The album opens with a large 9 1/4 x 7" portrait of Wilhelm Heyn in uniform. It is followed by 16 photographs taken onboard the MS "St. Louis" during his voyage from Hamburg to Cadiz (Nationalist Spain). Underneath this first series of photographs features a long handwritten inscription by Willi Heyn that says: "Though prohibited, I took my Leica. With a few exceptions, over a period of 6 months, I took all the photos under cloudless and sunny skies. Speed: 1/100, aperture 3.5, at a distance of 10 meters."

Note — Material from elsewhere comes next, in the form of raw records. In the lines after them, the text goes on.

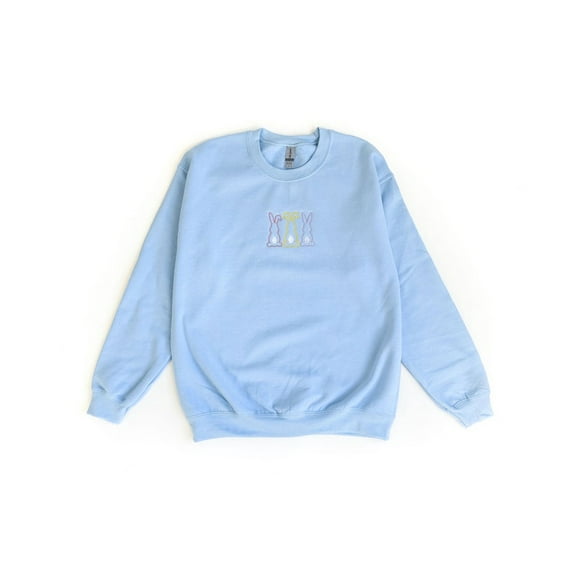 Easter Bunny Embroidered Sweatshirt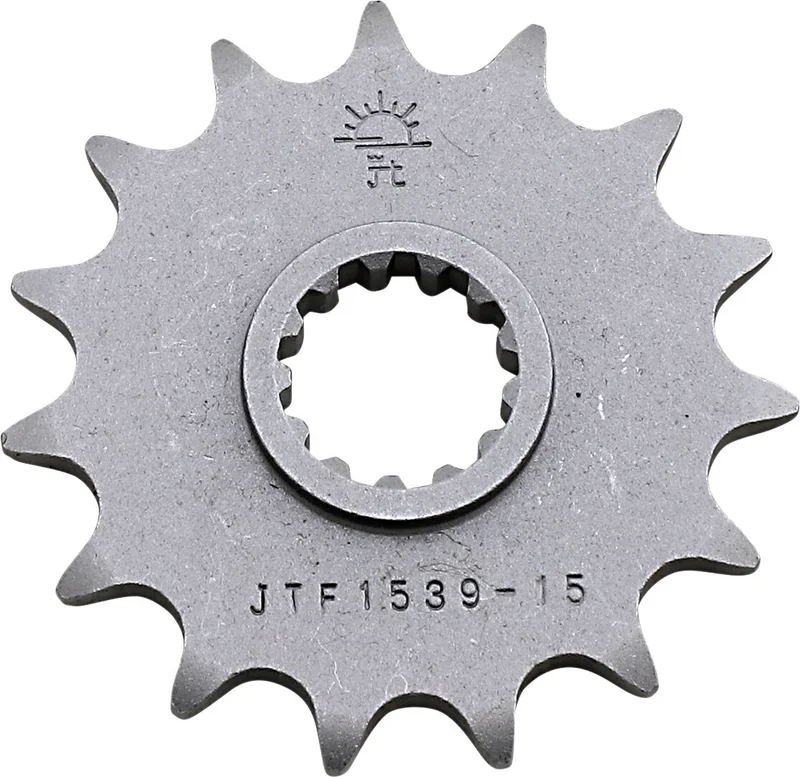 JT SPROCKETS JTF1539.15 FRONT REPLACEMENT SPROCKET 15 TEETH 520 PITCH NATURAL STEEL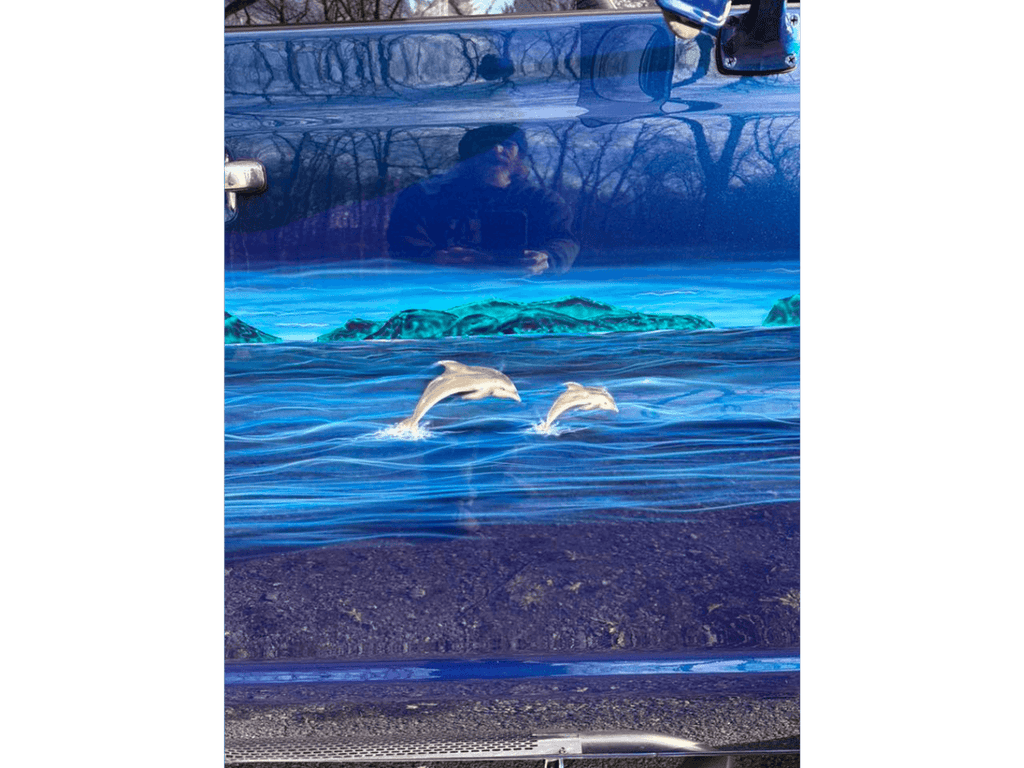 Tamco Paint Freedom Blue on Ford Econoline / Club Wagon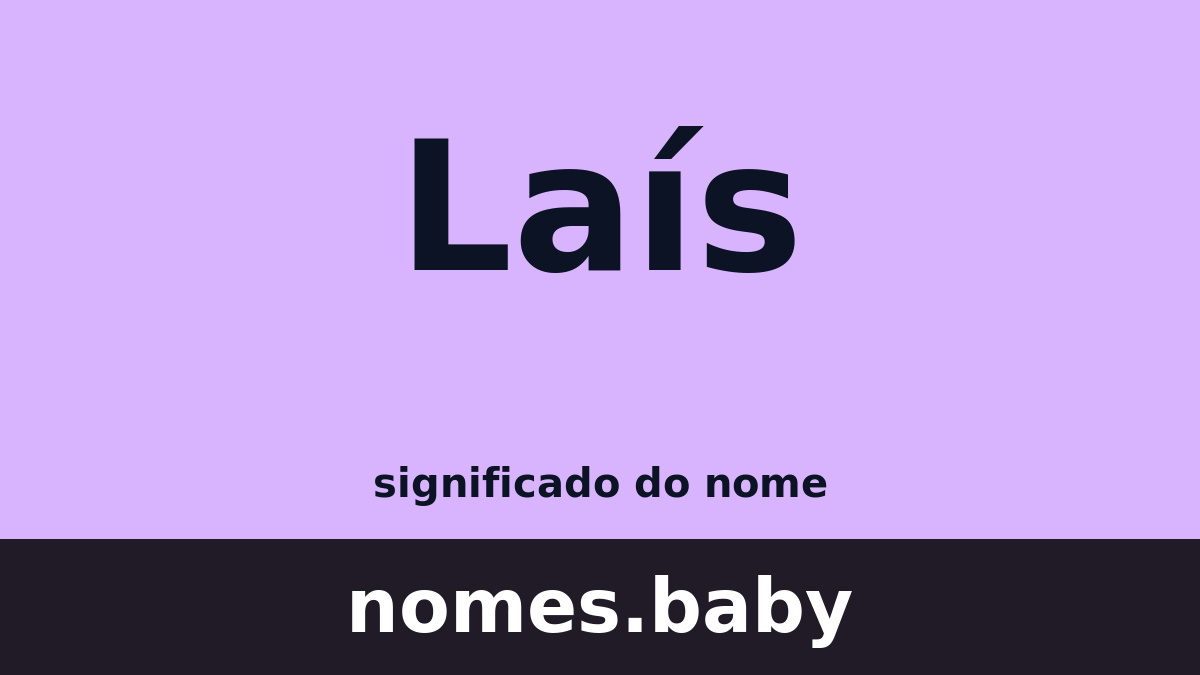 Significado do nome Laís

The next series of silver gelatin prints documents the greeting of the German volunteers by a sizeable crowd of civilians giving the fascist salute; Views of Cadiz; Bomb craters and the ruins of bombed houses seen during Heyn's roadtrip from Cadiz to Seville; Views of Seville with the occasional inscription "Viva el Generalissimo Franco!" on the walls; The ruins of Complutum, a Roman city near Madrid (Alcalá de Henares); With the Phalange legion in Córdoba; Views of Bilbao.
The following photographs depict the gypsy market at Aracena, Portugal; Granada and the alhambra; Aerial views of Seville; Positions abandoned by the "Reds" near Málaga; Views of Málaga, with burned out and bombed out buildings, including the German consulate. The flags of Nationalist Spain, Nazi Germany, and Italy can be seen coming out from windows and balconies.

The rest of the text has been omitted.